Some of the most potential episodes of our lives are ushered in by apparently trivial circumstances. A fancy, a whim, a caprice, even a movement without any separate act of volition, an accidental glance across the street, a false step over the stones, are often the foundations upon which some vitally important bridge of our lives has to be constructed.

Trifling incidents not infrequently give birth to the most stupendous events.

Thus the life-drama which I am about to narrate fell out in consequence of the gratification of what might have appeared at the time a very innocent whim.

Caprice had been attributed to me all my life through: as a school-girl, by my companions, and as a woman, by my husband; until I had come to believe it formed a part of my character.

Yet any individual exercise of the propensity never warned me at the time, and it was not until my husband classified my action as a piece of caprice, that I came to regard it in that light.

The very beginning and root of my story grew out of one of these trifling fancies. My husband was a Professor of Geology in a College of California, and much of the pleasantest part of my life was spent in bearing him company in his geological excursions.

We usually spent the vacations in delightful rambles, occasionally accompanied by a few of the more studious and inquiring of his pupils, sometimes by a fellow Professor, and sometimes alone.

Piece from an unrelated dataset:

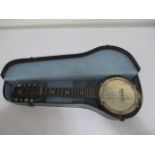 A British Made banjo in carry case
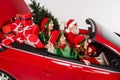 Photo of excited funky people santa team ride car have fun wear costume  white color background Royalty Free Stock Photo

I used to long for Commencement Day quite as eagerly as any over-worked student. The city, and everything connected with the city, had by that time become abhorrent to me. I hated the noise, the dirt, the talk, the dress, my household cares, and the dry parched look of every-thing, and longed for the fresh green sward, the music of streams, the song of birds, the sunset rambles and the still hush of moonlight nights; in fine for all the delights of the country.

For, although a most practical body in the matter of shirt buttons, darning, and improvised dishes of unctuous flavor, yet there was a la-tent stratum of romance in my composition which, de temps en temps, would bubble up amid my daily cares and wrestle for a recognition, and enfranchisement of its own.

What then was my disappointment when the Professor announced that he would be detained by business for a week or ten days after the term had closed.

“This is a terrible disappointment to you I know, my dear,” said my husband, who never thwarted me in anything. “But do you not think you could make a start on your own account, and stop at some pretty place for a few days, when I could join you?”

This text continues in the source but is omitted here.